Are the support units for SOF any more selective than their non-SOF counterparts?


----------



## Marauder06 (Jan 8, 2007)

Totentanz said:


> Are the support units for SOF any more selective than their non-SOF counterparts?



It depends.  For SF units, assignments for support troops are made "needs of the Army," just like for conventional units.  The only difference is assignees must be airborne qualified, or volunteer for airborne training.

Other SOF units have higher standards.


----------



## Looon (Jan 8, 2007)

The 75th recently added a support aspect to free up line space. That way qualified personel won't be in PAC.

Cooks will be cooks, not Rangers. etc....


----------



## Marauder06 (Jan 8, 2007)

That's interesting.  So you won't be expected to be Ranger qualified to have a support position in the Regiment?


----------



## Marauder06 (Jan 8, 2007)

Ravage, keep in mind that "SF" is different that "SOF."  SOF is an all-encompasing term, while SF refers to a specific qualification, and a subset of SOF.


----------



## Boondocksaint375 (Jan 8, 2007)

mara said:


> Ravage, keep in mind that "SF" is different that "SOF." SOF is an all-encompasing term, while SF refers to a specific qualification, and a subset of SOF.


 

Just wanted to add that this is the case for America, it's amazing what units are considered as "SF" in other countries


----------



## Totentanz (Jan 8, 2007)

Ranger Luna said:


> The 75th recently added a support aspect to free up line space. That way qualified personel won't be in PAC.
> 
> Cooks will be cooks, not Rangers. etc....



So previously, even the cooks in the 75th had to be Ranger-qualified?


----------



## Boondocksaint375 (Jan 8, 2007)

No, but majority were.  It's pretty hard to get promoted in Regiment unless you have your tab.  Needless to say there were so many tabs in my platoon that promotion was slow as hell.


----------



## Marauder06 (Jan 8, 2007)

Will everyone still wear the tan beret?


----------



## Marauder06 (Jan 8, 2007)

I don't get it.  If you have an MTOE of 600, then you can have 600 Ranger-qualified or non-, right? (not counting authorized overages).  Aren't all the positions victor-coded?


----------



## Looon (Jan 8, 2007)

mara said:


> Will everyone still wear the tan beret?

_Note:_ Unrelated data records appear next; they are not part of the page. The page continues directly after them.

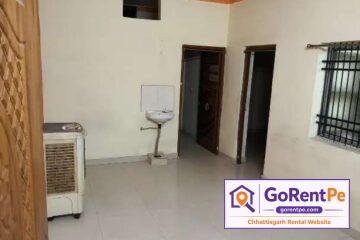 750 sq ft 2 BHK unfurnished house for rent for family and girls with west-facing 1st floor layout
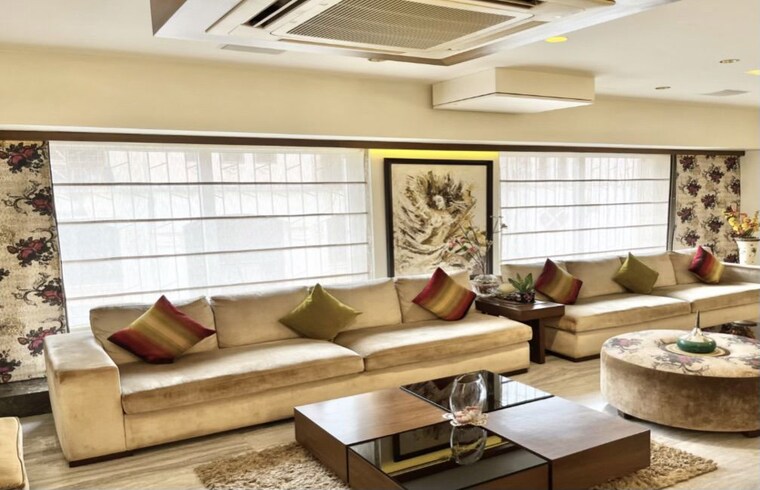 Living Room, morya-regency 4 Bedroom 2550 Sq.Ft. Apartment In Bandra West Mumbai 10502552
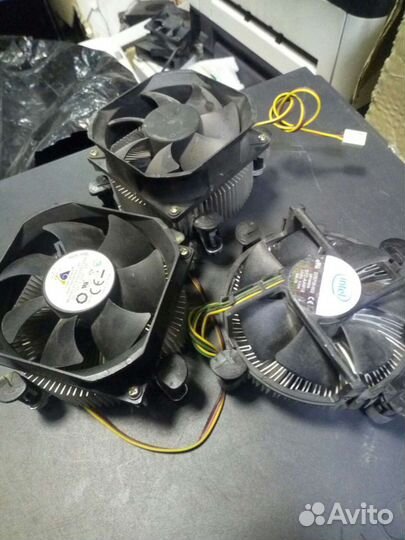 Кулер для процессоров 775 soket с медной вставкой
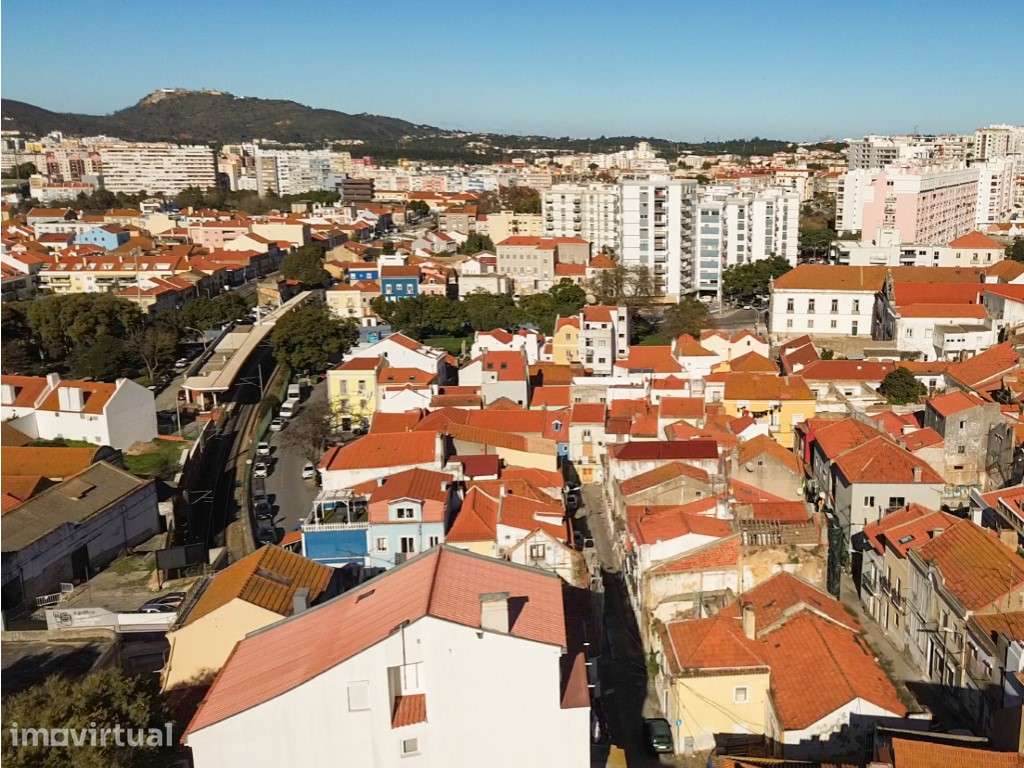 PRÉDIO PARA REABILITAÇÃO NO CENTRO HISTÓRICO DE SETÚBAL | OP - Grande imagem: 4/32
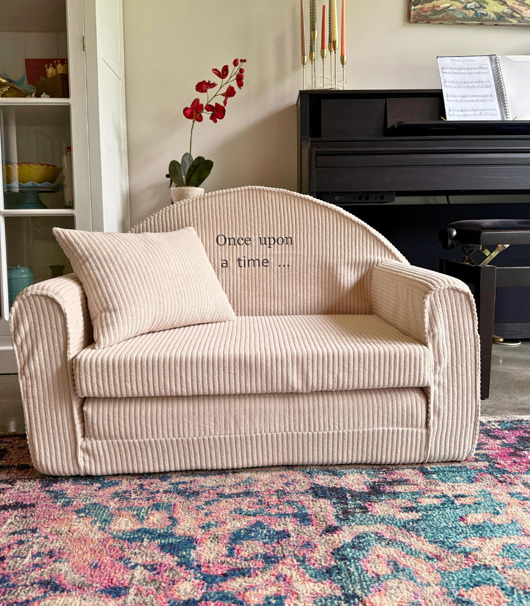 meble do pokoju dziecka Sztruksowa rozkładana mini sofa z imieniem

I hope not. I hope they made it to where the 'Rangers' that graduate RIP or ROP wear it.


----------



## Boondocksaint375 (Jan 8, 2007)

Im pretty sure(but not 100%) that they wear the scroll, but sport a red beret.


----------



## Marauder06 (Jan 8, 2007)

That's too bad.  One of the things I liked about the Ranger Regiment was that everyone in the unit was a Ranger, no need to separate people by hat.


----------



## Boondocksaint375 (Jan 8, 2007)

not everyone in ranger batt is v qualified, majority are (aside from the pv2/pfc's.) Guys get sent usually when theyre e-2's or 3's and in a perfect world take a fire team when they return (not always though);


----------



## Looon (Jan 8, 2007)

Boondocksaint375 said:


> not everyone in ranger batt is v qualified, majority are (aside from the pv2/pfc's.) Guys get sent usually when theyre e-2's or 3's and in a perfect world take a fire team when they return (not always though);


Unless you are in weapon's squad. :doh: :doh: :doh:


----------



## Boondocksaint375 (Jan 8, 2007)

Ranger Luna said:


> Unless you are in weapon's squad. :doh:


 

Im pleased to inform you 2nd platoon has changed


----------



## Looon (Jan 8, 2007)

Boondocksaint375 said:


> Im pleased to inform you 2nd platoon has changed


When it was my fucking turn, our newb plt Sarn't took it upon himself to tell me no. 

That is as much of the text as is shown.